§ YOUR INSTRUCTIONS: Please produce an exact transcription of the lines from the one containing "Good Omens Азирафаэль" through the last line of the entries, leaving out every picture.

§ THE RECORDS:
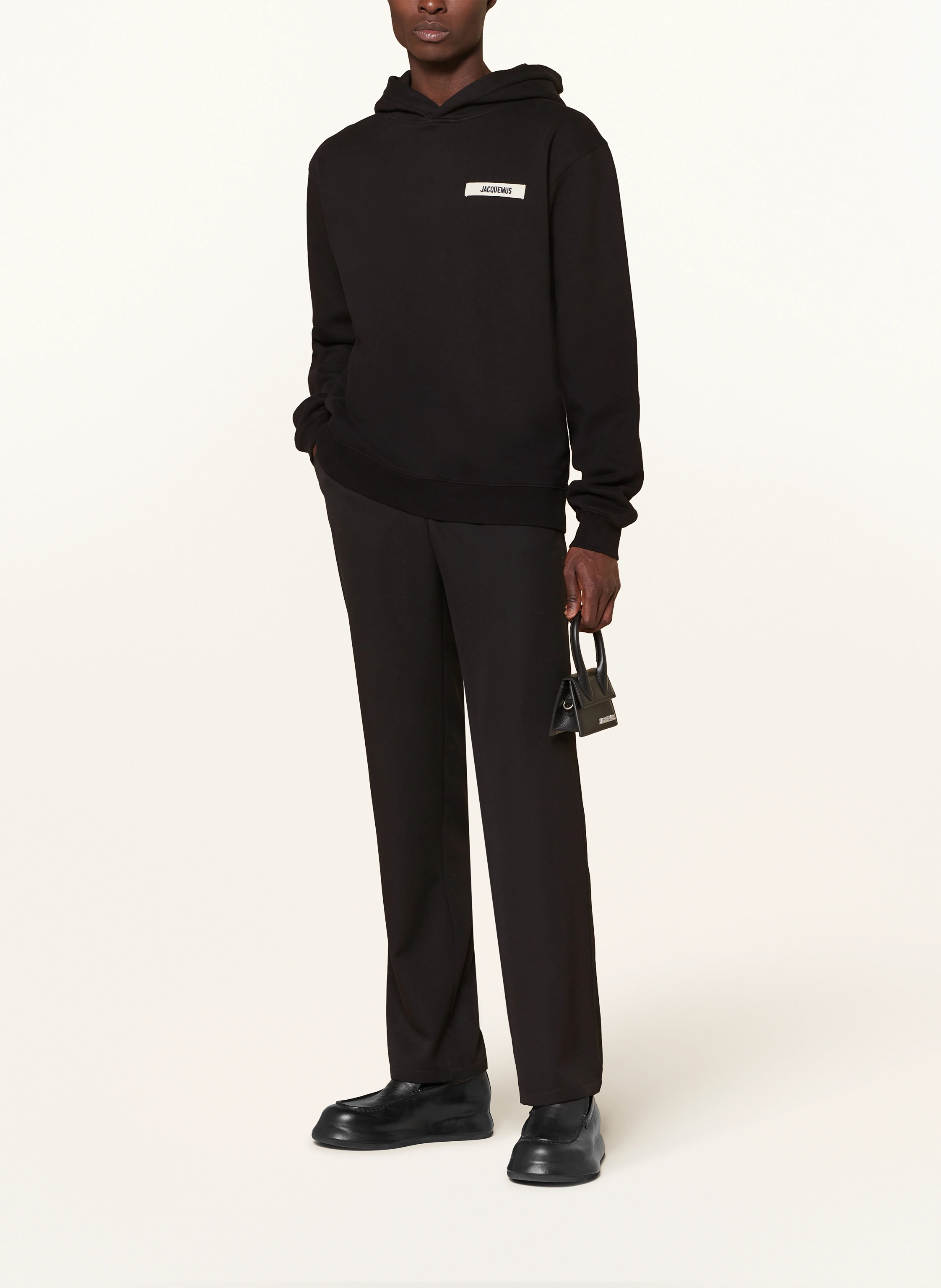 JACQUEMUS Hoodie LE HOODIE GROS GRAIN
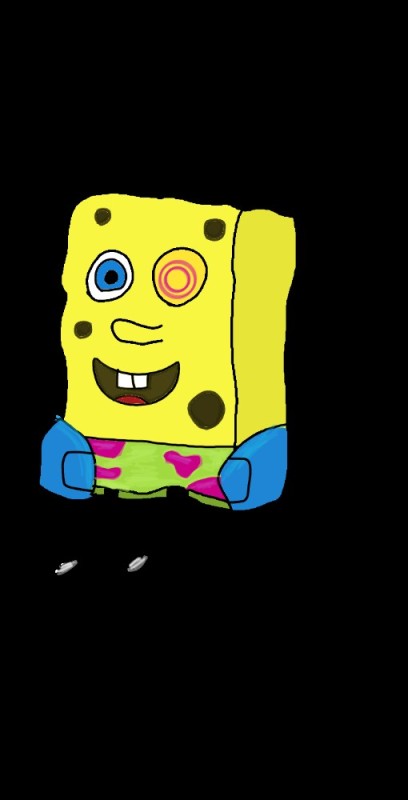 Create meme: spongebob, spongebob face, spongebob drawing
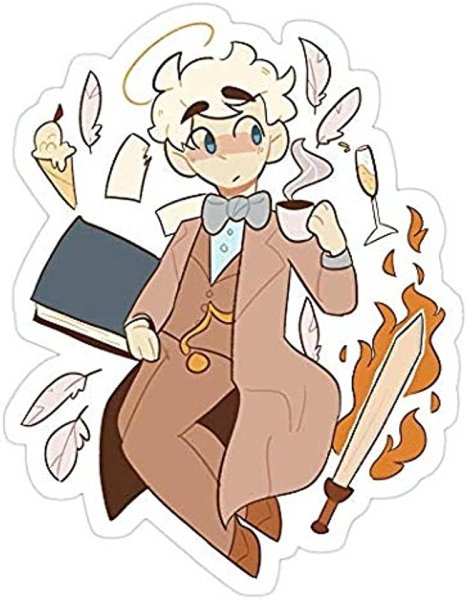 Good Omens Азирафаэль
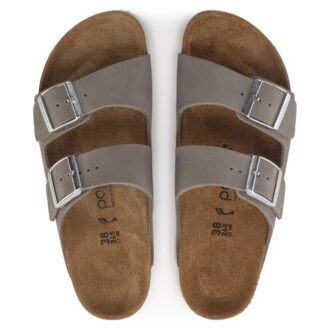 Arizona Flex Platform Nubukleder Dove Grey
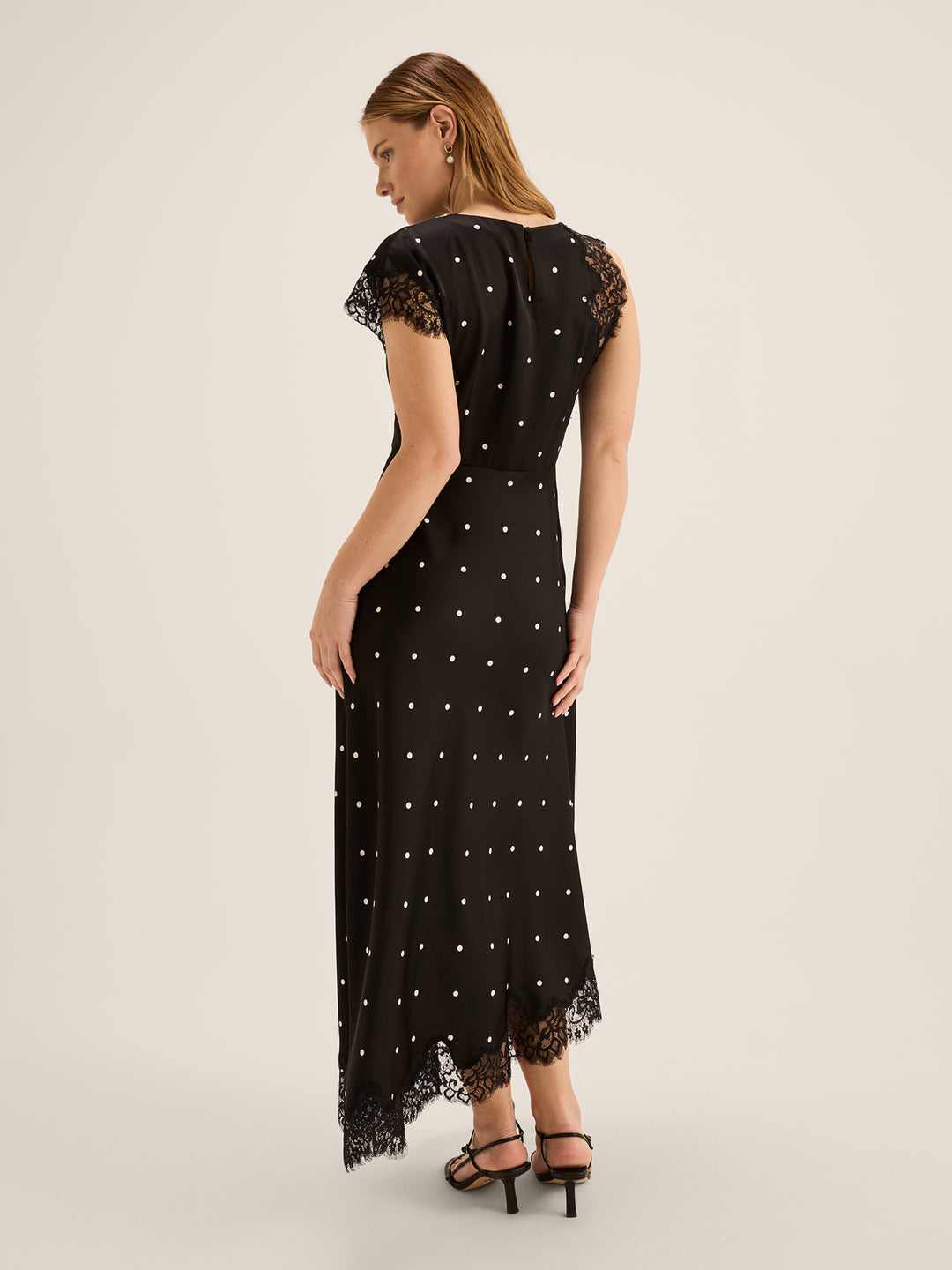 Mila Spot Dress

§ OUTPUT FOR THIS EXERCISE:
 Good Omens Азирафаэль
 Arizona Flex Platform Nubukleder Dove Grey
 Mila Spot Dress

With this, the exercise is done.